I understand it like this as well. If you initially went thru a retailer, you can go back to them no problem. If you went thru Dish, you need to stick with Dish.

if installs are in April already, Holy Crappers Batman, how long are those of us waiting for 4/1 gonna have to wait? doh!


----------



## dfrey (Feb 21, 2006)

I was told today by an account specialist, and a Dish local hub installer, that Dish has closed the calender for all new 622 installs until April. I ordered 2 211s and a 622 and April 7th was the quoted install date. I had them pull the 622 and I'm getting installed this Friday. I can still get the 622 at a later date for $299.

David


----------



## unr1 (Jul 16, 2005)

Seems like the 622 is an extremely hot item! (as expected)
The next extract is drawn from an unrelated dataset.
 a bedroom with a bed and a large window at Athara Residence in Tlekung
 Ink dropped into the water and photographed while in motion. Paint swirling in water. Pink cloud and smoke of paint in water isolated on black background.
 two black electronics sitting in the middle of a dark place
hopefully a reasonable supply will continue to come in.


----------



## SteveRS (Feb 8, 2004)

My 921 hard drive finally died tonight so I called Dish to activate the old trusty 6000.
I let the CR know how much trouble I had with two POS 921's and how upset I was with Dish.
I took him up on the 622 $299 lease offer with delivery in three weeks and installation scheduled March 17. He gave me an earlier date but March 13 was not convenient.
I will connect the 622 receiver as soon as I get it.
I suppose the switch hook-up will be the same as the 921?

I asked about the 1000 dish, but he said it is not needed now.


----------



## Rogueone (Jan 29, 2004)

yeah hook up should be like the 921


----------



## liferules (Aug 14, 2005)

SteveRS said:


> My 921 hard drive finally died tonight.
> I took him up on the 622 $299 lease offer


Just out of curiosity, why didn't you wait for the 4/1 $200 rebate on the 921?


----------



## SteveRS (Feb 8, 2004)

liferules said:


> Just out of curiosity, why didn't you wait for the 4/1 $200 rebate on the 921?


I don't like to wait any longer than I have to.
Several weeks without a HD DVR or $200?
Everyone can make their own decision on that. I made mine.

The CSR said he will send a box to return the 921 for a $25 credit but I won't even bother.


----------



## unr1 (Jul 16, 2005)

SteveRS said:


> The CSR said he will send a box to return the 921 for a $25 credit but I won't even bother.


ebay it...even though it will be a non-compatible technology in the future.

might as well get something back from it.


----------



## liferules (Aug 14, 2005)

SteveRS said:


> Several weeks without a HD DVR or $200? Everyone can make their own decision on that. I made mine.


I can understand. I waited over a year for the 622, just to get HD-DVR... (glad I did, instead of buying the 942, in hindsight)...


----------